This is a guest post from Genevieve, Bible in 90 Days graduate and mentor for group #16.
I was 16 years old, I wore my black trench coat everywhere and had a butch haircut. I was mad at everybody – including myself. It takes a lot to melt a teenager, but the note inside the black leatherbound King James Bible my Papa gave me for my birthday did the trick. It’s hard to keep your cool when you read that your father prays for you every day. As with all books, I wasn’t content until I’d read it through, and I did so, front to back, like a novel. I rationalized that the word count was lower than Les Miserables, Victor Hugo’s epic that I’d finished the month before.
I met kings and slaves, desperate queens and humble widows, prophets, visions, and miracles. The red letters jumped off the black pages. The whole book invited me in like a melancholy medieval legend. Pretty soon I carried it everywhere, pages bent, coffee stained cover, and passages underlined on every page. It perfected my Goth outfit – a Holy book, a life’s quest, and the perfect shade of black to blend into my trench coat.

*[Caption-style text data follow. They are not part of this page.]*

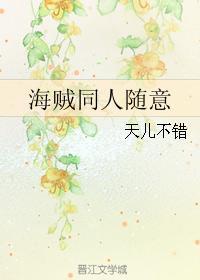 海贼同人随意封面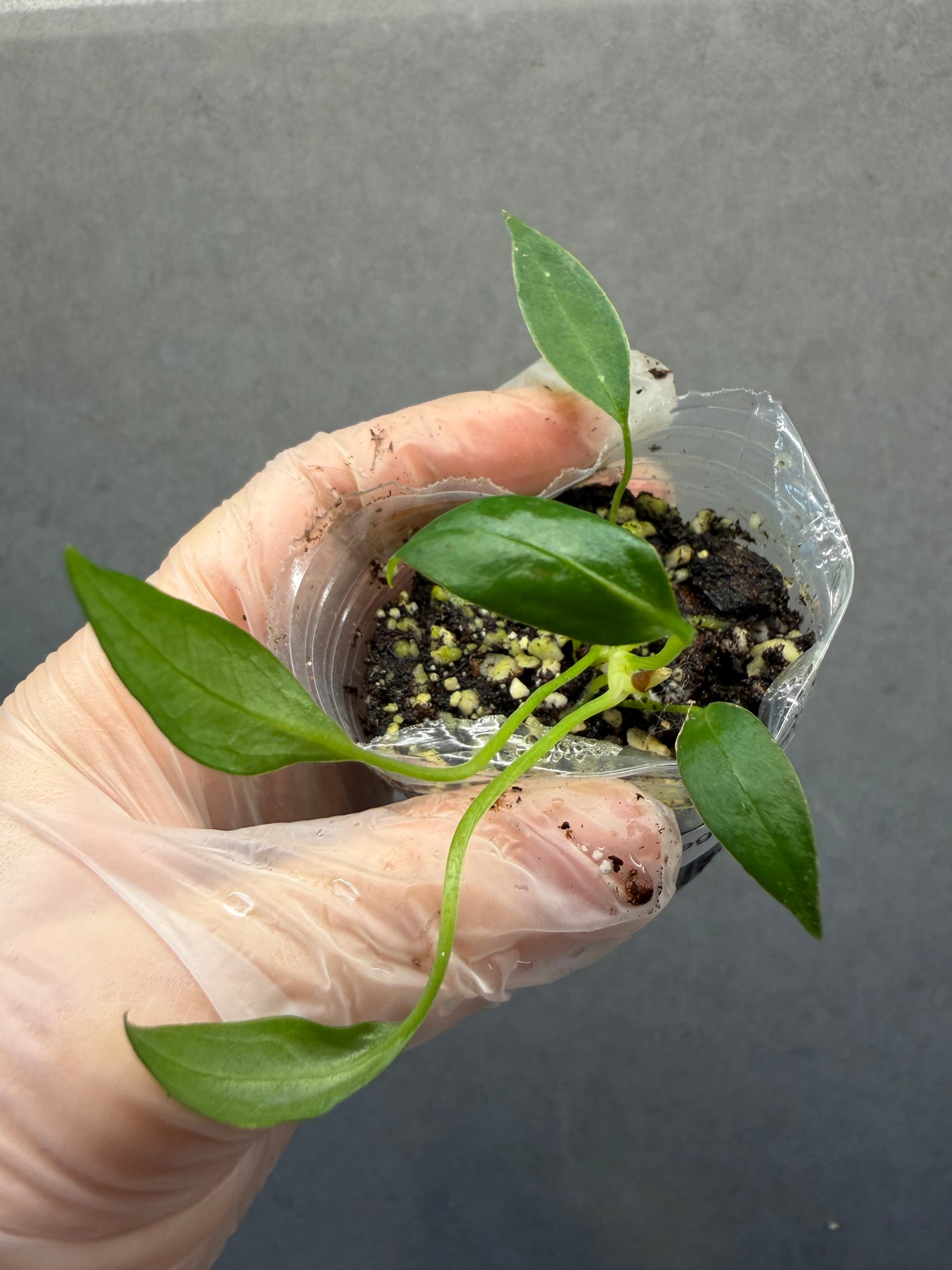 Anthurium 'Legume' seedling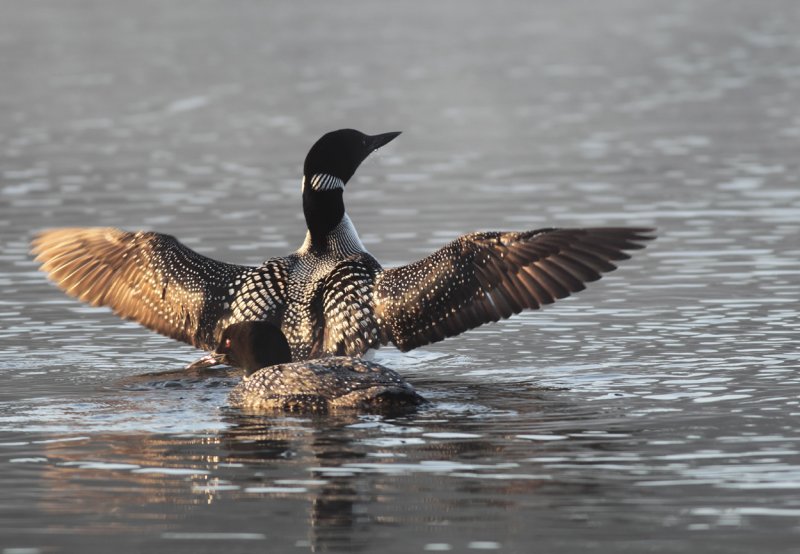 Mary Lake Loons copy.jpg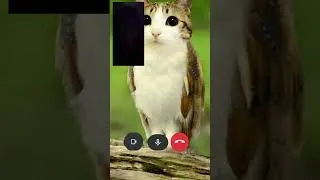 Thumbnail: When friend keeps calling you
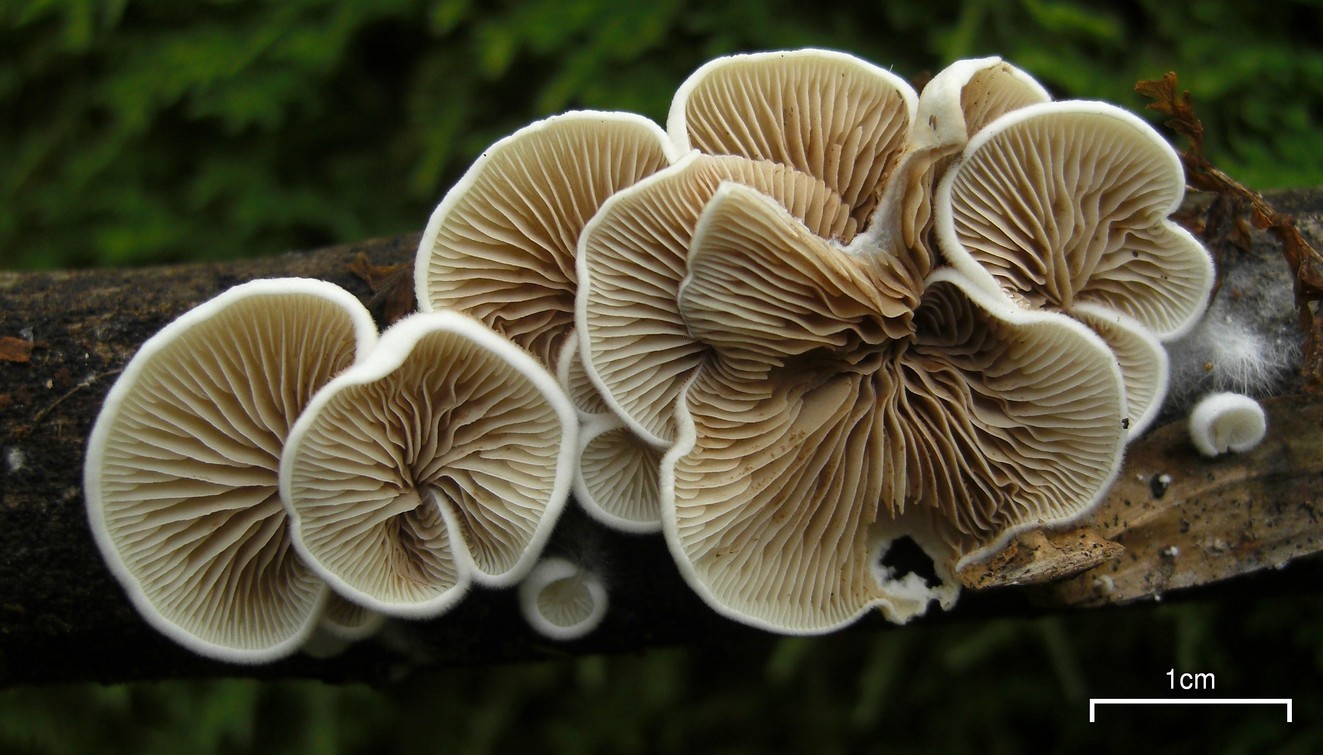 Crépidote des mousses (Crepidotus epibryus) Picture Mushroom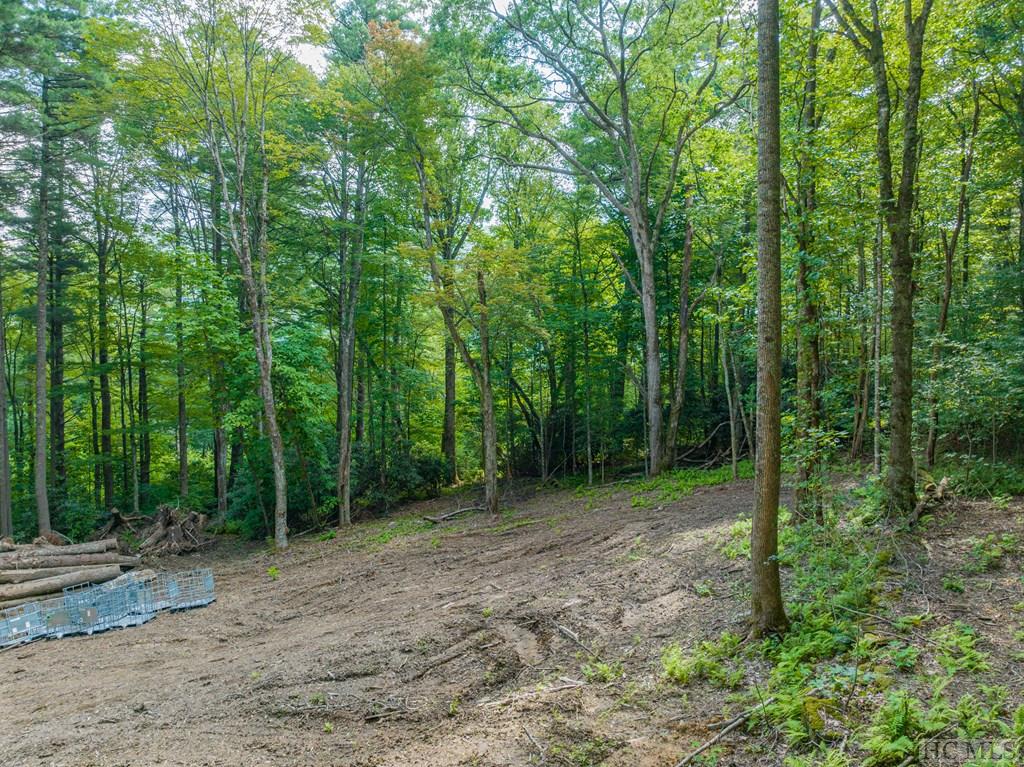 Lot 8 Pineland Drive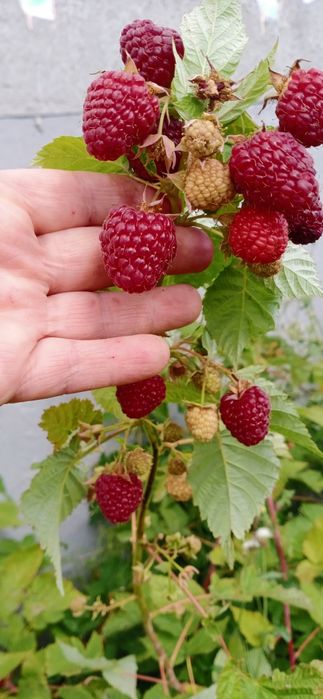 Продам Саженцы местные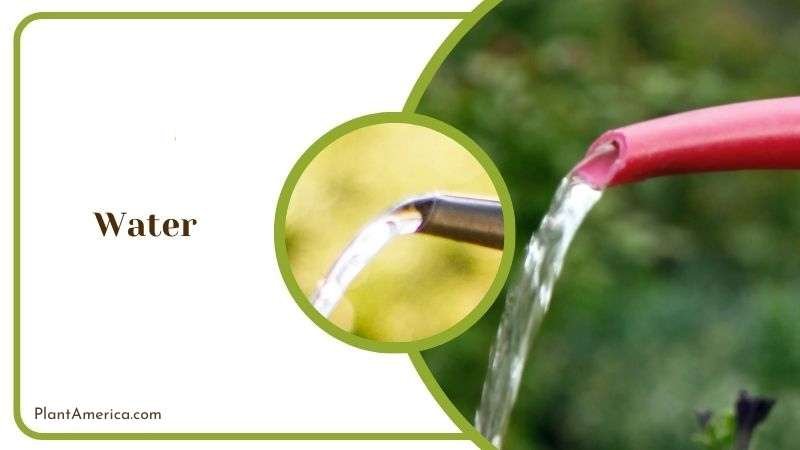 Water Propagation of Philodendron Subhastatum Plant America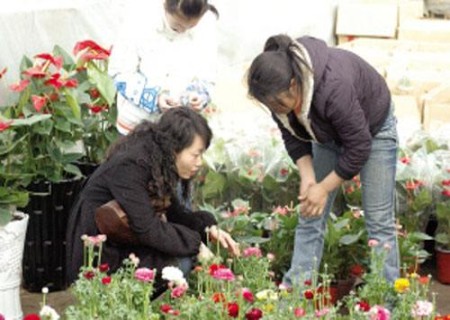 花毛莨盆栽技术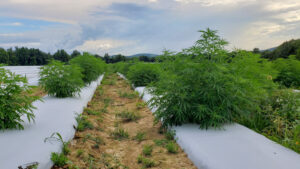Struggling coal mining town Collie is WA govt’s choice for new hemp processing plant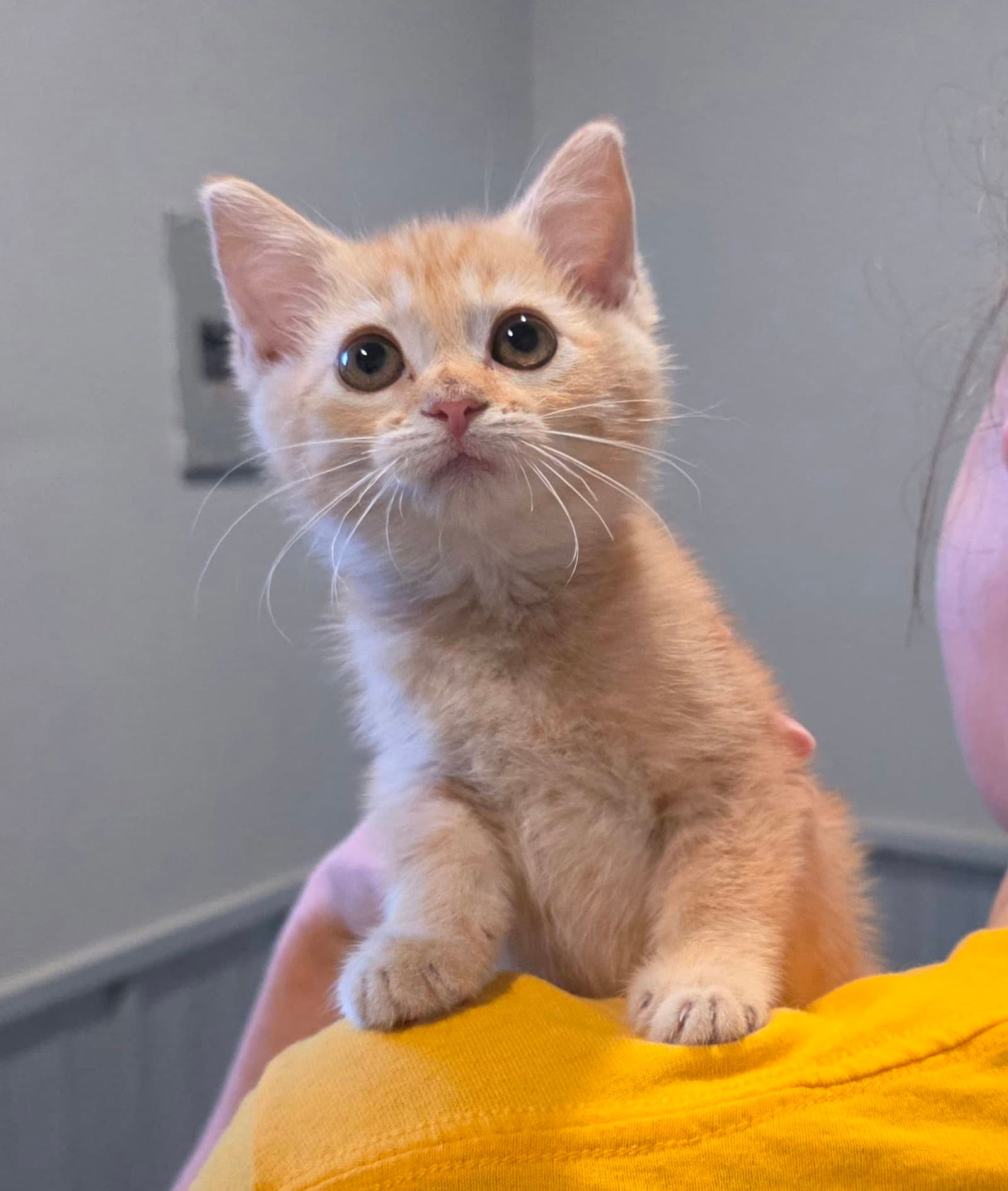 Ridley - Domestic Short Hair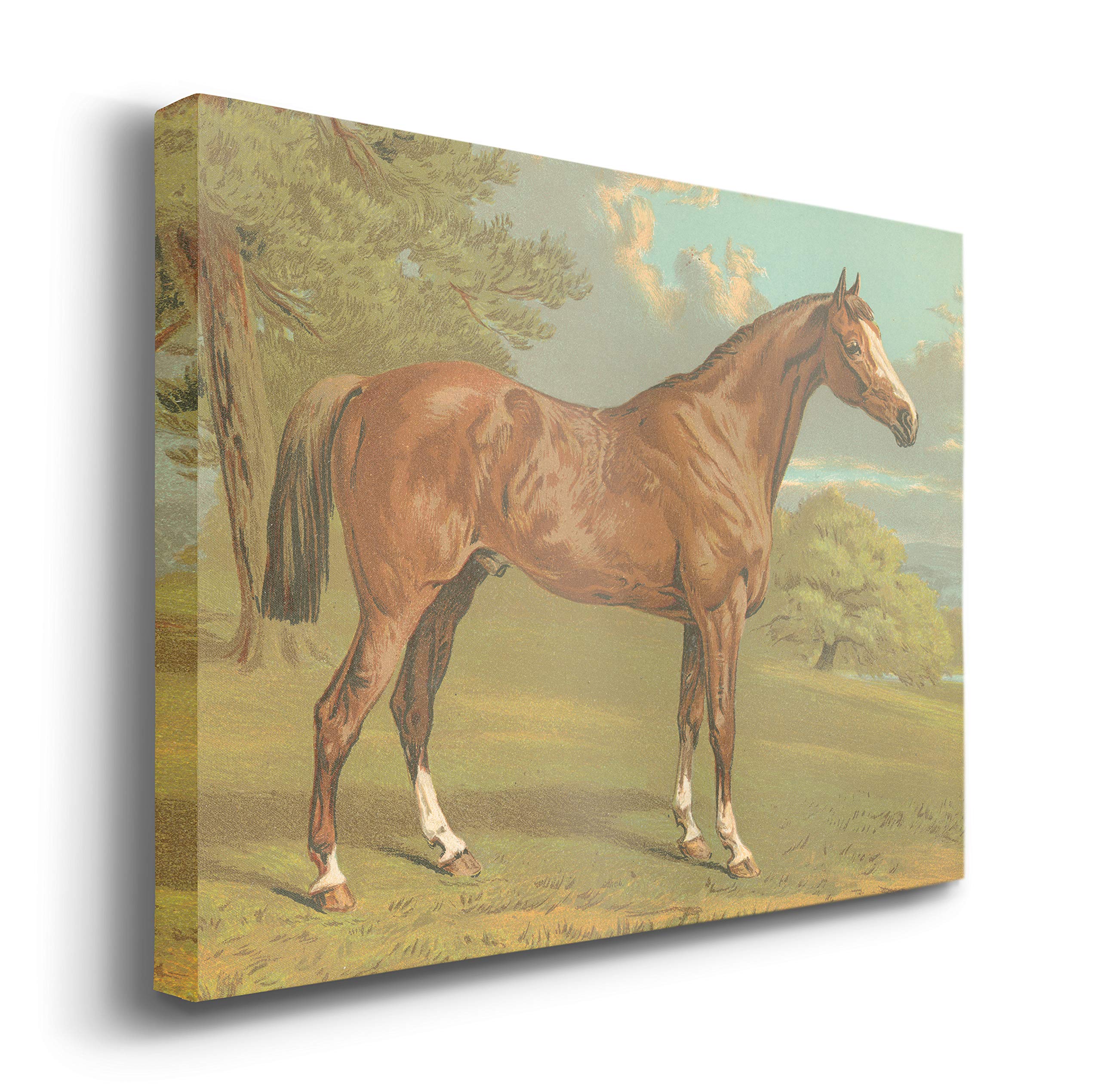 Premium Gallery Wrapped Canvas Wall Art - Handsome Brown Horse in Green Grass & Blue Sky | 32x48 Inches | Ready to Hang | Made in USA | Perfect for Living Room, Bedroom & Office Decor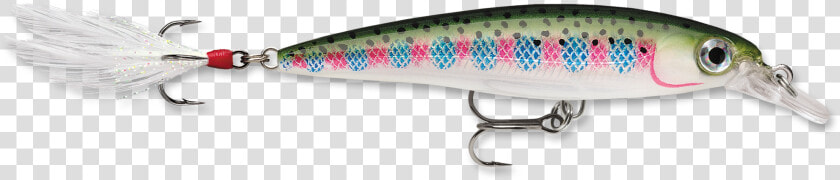 Rapala X Rap Rainbow Trout  HD Png DownloadTransparent PNG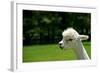 Alpaca Portrait-kayglobal-Framed Photographic Print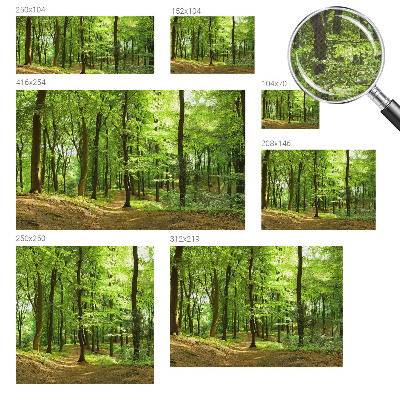 Peel and stick wallpaper mural with a natural path design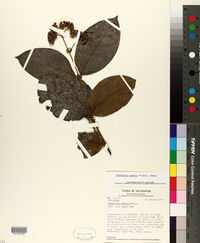 Rondeletia amoena image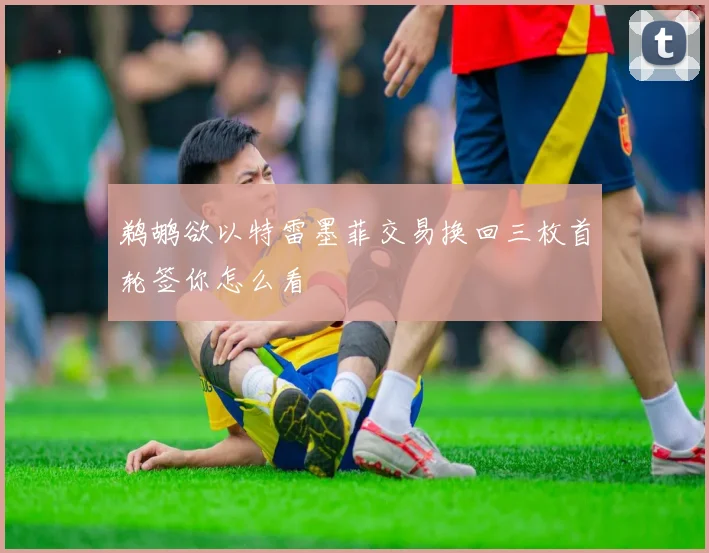 鹈鹕欲以特雷墨菲交易换回三枚首轮签你怎么看
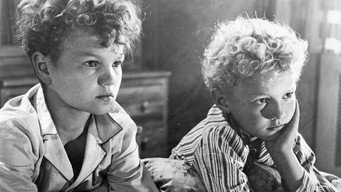 Father Needs a Wife (1952)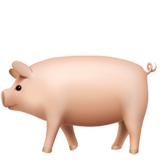 apple version: Pig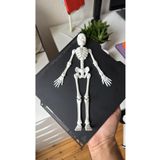 WELLCUT 31 cm 3D Baskı İnsan İskeleti Modeli – Dekoratif ve Koleksiyonluk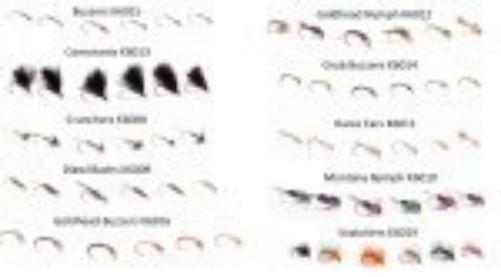 Craig Barr Craig Barr Craig's Hares Ears Selection Pack of 6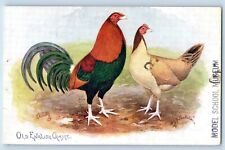 Old English Game Postcard Cock Rooster Animal Oilette Tuck 1918 Posted Antique picture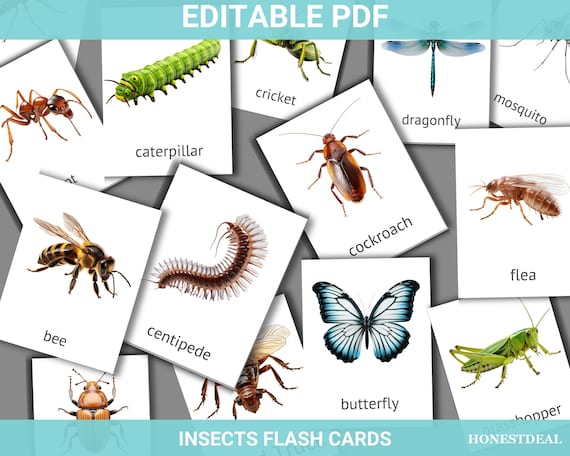 Insects flashcards pdf printable card editable montessori cards nomenclature cards educational bug insect flash cards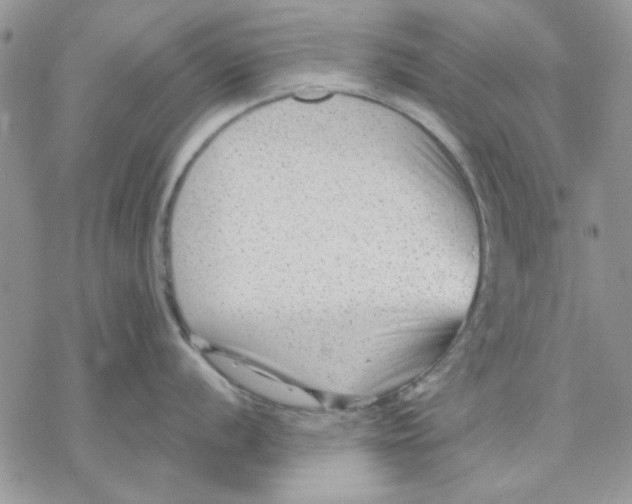 X0000069831056200606091441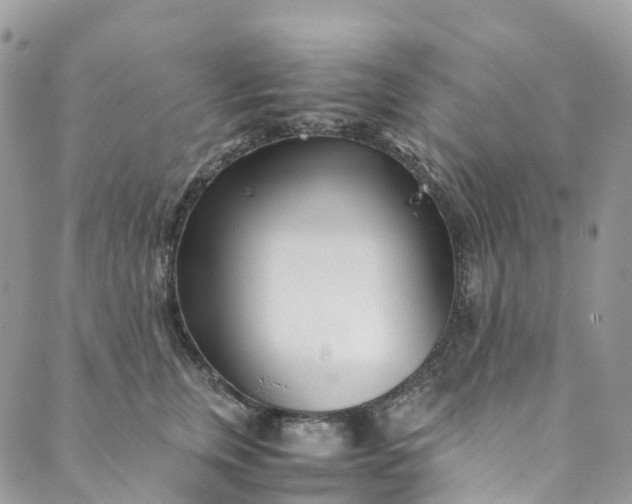 X0000089430759200706291314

Since then, I went through a collapse of my faith in college and the slow rebuilding accomplished through the desperation in my heart as I lived a godless life. Sin fueled my desire to understand and solve my brokenness, and I learned anew that God’s Word is indeed living, that it flows in through your eyes and fills you up to overflowing. Joy unspeakable in a few paragraphs. After college, I became a work-a-holic night nurse, and a new Bible – don’t tell on me, it was an NIV – green and dogeared to the hospital every night to pore over by the small light next to the computer in an intensive care unit. From the cornerstone of Christ planted in my soul at age 5, Christ began to build, first the scaffolding and finally walls, then windows, a whole house built in my soul, a temple for the God I was slowly coming to love.
Still, it wasn’t until cancer caught me off guard at 29 that my Bible reading became consistent. I came to the pages starving and left still with an ache in my stomach. There was never enough Word to feed my soul through the weary days of researching, making treatment decisions and finally treatment.
I still have cancer, but it’s not as ravenous as it was at first. I noticed an ebb in my reading last year, and curiously searched #B90Days on Twitter to find out what all the buzz was about. Soon I was at Mom’s Toolbox, signing up. And then the reading, oh, the reading. It was intense, especially through the books of the law and the genealogies. I admit I got through it giggling, envisioning Monte Python scenes where they walk through the ancient cobblestone streets, first asking, “Bring out your dead! Bring out your dead!” and then, to warn others of their dangerous cargo, “Unclean! Unclean!”
I admit skimming some days through the most difficult sections, but for the most part I read every word. Sometimes ahead and sometimes behind, I kept that goal fixed in my mind, that date when my friends on the Twitter and the comment boards would be finishing with me. I claimed a verse for this time, “I have fought the good fight, I have finished the race, I have kept the faith. Now there is in store for me the crown of righteousness, which the Lord, the righteous Judge, will award to me on that day–and not only to me, but also to all who have longed for his appearing.” (II Timothy 4:7-8)
This is my battle cry for you, whether you’re ahead or behind. This is so worth it. You might establish a daily reading schedule you’ve never stuck to in the past.
God will speak to you through His Word, wherever you are in your journey, with whatever system (or lack thereof) you read it. In Isaiah 55:11, the prophet says of God’s Word, “it always produces fruit. It will accomplish all I want it to, and it will prosper everywhere I send it.” You might have Scripture ready on your tongue the next time a friend consults you with their crisis, their sorrow, their shame. You might gain confidence that you can read the Bible yourself without priest, pastor, or interpreter. You might find that different versions are worth the time. You might memorize a verse or two. This might be the beginning of a lifelong love for God’s Word. He is pursuing you through each sentence, and begging you to live this life – every minute of it – basking in the peace and beauty and blessing of His love.